Assignment:
From the line with "Woodland pathway with" to the line with "Colier Argint 925", retype every line exactly, including those two, and leave out the rest of the data below.
-------- Given entries
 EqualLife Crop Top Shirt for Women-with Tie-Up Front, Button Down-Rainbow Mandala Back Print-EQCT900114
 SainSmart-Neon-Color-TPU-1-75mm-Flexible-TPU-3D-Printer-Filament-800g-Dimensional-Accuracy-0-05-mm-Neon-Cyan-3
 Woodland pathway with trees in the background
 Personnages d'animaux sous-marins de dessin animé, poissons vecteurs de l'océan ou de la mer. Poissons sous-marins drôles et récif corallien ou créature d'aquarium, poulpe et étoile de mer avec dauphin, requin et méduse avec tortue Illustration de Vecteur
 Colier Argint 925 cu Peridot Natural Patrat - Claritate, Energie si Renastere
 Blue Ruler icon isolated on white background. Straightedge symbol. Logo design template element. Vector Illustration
----------------
Reply:
 Woodland pathway with trees in the background
 Personnages d'animaux sous-marins de dessin animé, poissons vecteurs de l'océan ou de la mer. Poissons sous-marins drôles et récif corallien ou créature d'aquarium, poulpe et étoile de mer avec dauphin, requin et méduse avec tortue Illustration de Vecteur
 Colier Argint 925 cu Peridot Natural Patrat - Claritate, Energie si Renastere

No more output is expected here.